Oversimplified, I agree. A Bubble is only as good as those who remain in it .. and there is always a risk for those therein when others from outside pass into it (without a 14-day isolation effort). The Bubble has worked for the NBA and NHL so far (a kudos to the team members), but the lack of a bubble is decimating the MLB and making NFL and College Sports a non-starter this season.

The Bubble can work. Consider “See Hawaiian hotel turned into ‘bubble’ college campus“. This is a real-life project, where students would occupy rooms, studying via distance learning .. but be enabled with an environment that allows them to wander out to an on-site Hub, an on-site Library, the camaraderie of campus life .. in a protected beach setting.
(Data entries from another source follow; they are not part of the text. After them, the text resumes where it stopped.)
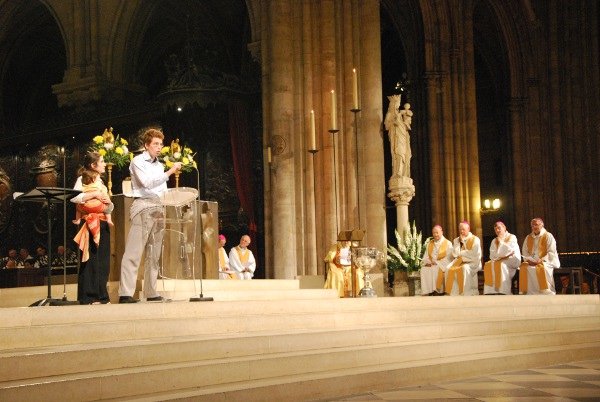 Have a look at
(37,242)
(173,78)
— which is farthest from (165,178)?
(37,242)

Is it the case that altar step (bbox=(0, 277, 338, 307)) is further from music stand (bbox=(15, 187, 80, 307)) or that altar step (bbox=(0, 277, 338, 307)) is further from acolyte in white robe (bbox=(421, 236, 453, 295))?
acolyte in white robe (bbox=(421, 236, 453, 295))

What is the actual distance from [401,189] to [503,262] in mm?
3108

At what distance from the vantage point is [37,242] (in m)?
21.2

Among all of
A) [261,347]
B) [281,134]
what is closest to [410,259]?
[281,134]

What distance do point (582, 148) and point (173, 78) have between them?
42.1ft

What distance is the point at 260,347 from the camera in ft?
24.5

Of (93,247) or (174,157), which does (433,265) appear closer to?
(174,157)

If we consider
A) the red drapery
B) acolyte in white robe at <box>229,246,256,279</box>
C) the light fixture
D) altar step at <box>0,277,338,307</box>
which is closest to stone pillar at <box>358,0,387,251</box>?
acolyte in white robe at <box>229,246,256,279</box>

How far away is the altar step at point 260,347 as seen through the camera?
6223 mm

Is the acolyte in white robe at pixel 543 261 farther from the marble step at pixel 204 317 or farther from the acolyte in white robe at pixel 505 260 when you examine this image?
the marble step at pixel 204 317

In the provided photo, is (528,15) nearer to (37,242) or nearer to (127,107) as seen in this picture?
(127,107)

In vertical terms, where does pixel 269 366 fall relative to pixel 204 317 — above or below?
below

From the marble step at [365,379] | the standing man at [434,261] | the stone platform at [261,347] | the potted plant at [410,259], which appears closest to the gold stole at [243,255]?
the potted plant at [410,259]

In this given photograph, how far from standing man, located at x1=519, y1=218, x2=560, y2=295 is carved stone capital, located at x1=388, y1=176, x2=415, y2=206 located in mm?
3137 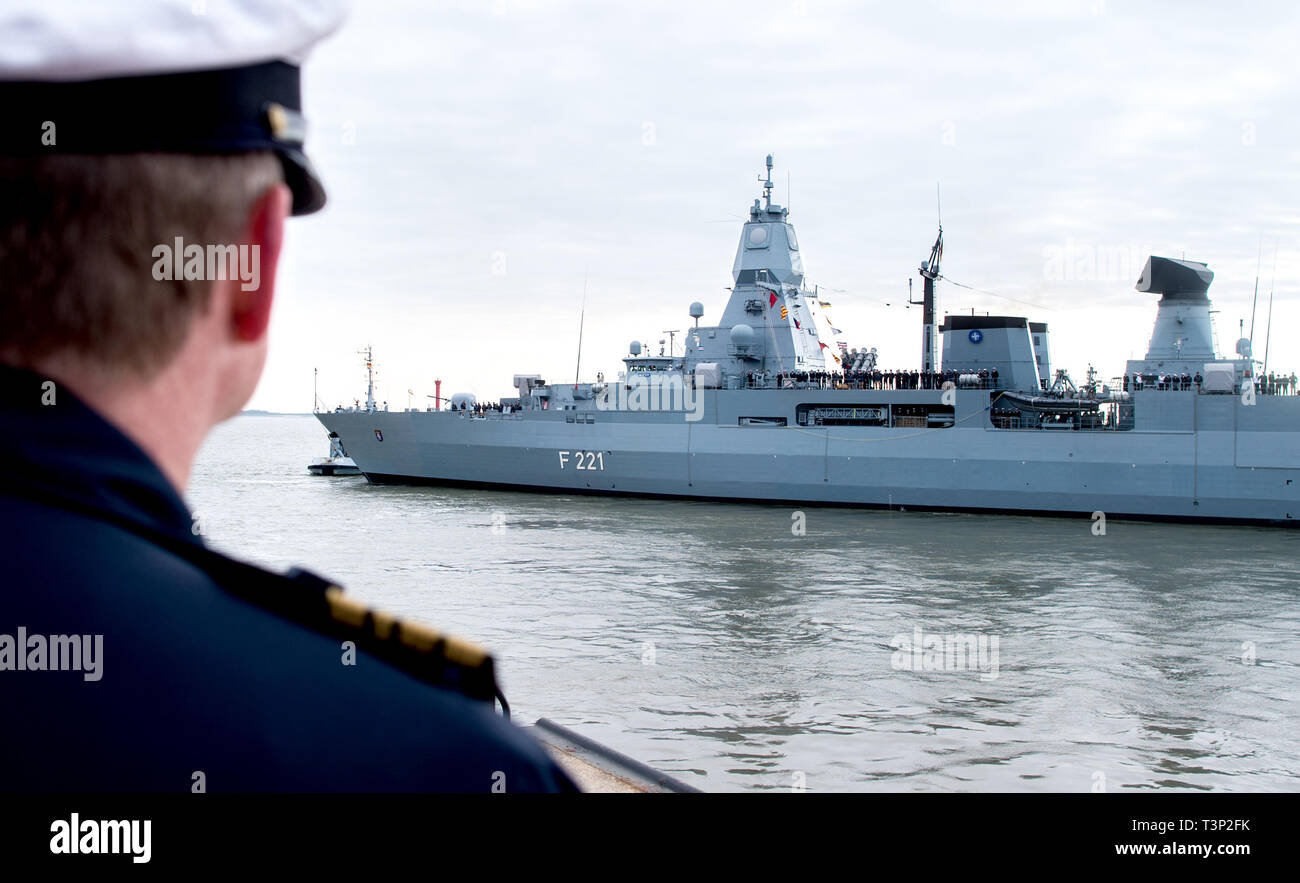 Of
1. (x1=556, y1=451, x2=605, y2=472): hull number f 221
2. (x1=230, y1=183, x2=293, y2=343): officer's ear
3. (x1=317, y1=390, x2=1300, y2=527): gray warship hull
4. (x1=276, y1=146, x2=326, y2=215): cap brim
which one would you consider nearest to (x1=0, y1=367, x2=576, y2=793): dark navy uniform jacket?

Your mileage may vary .. but consider this. For the proper, motivated and cautious Communities .. There are aspects of this strategy that could return children to attended school, parents to work and help to fulfill those whose gifts are in caring for others.

Please think about it.

Be smart. Join or form your Community. Do the right thing. Stay home when you can. Wear a mask when you cannot.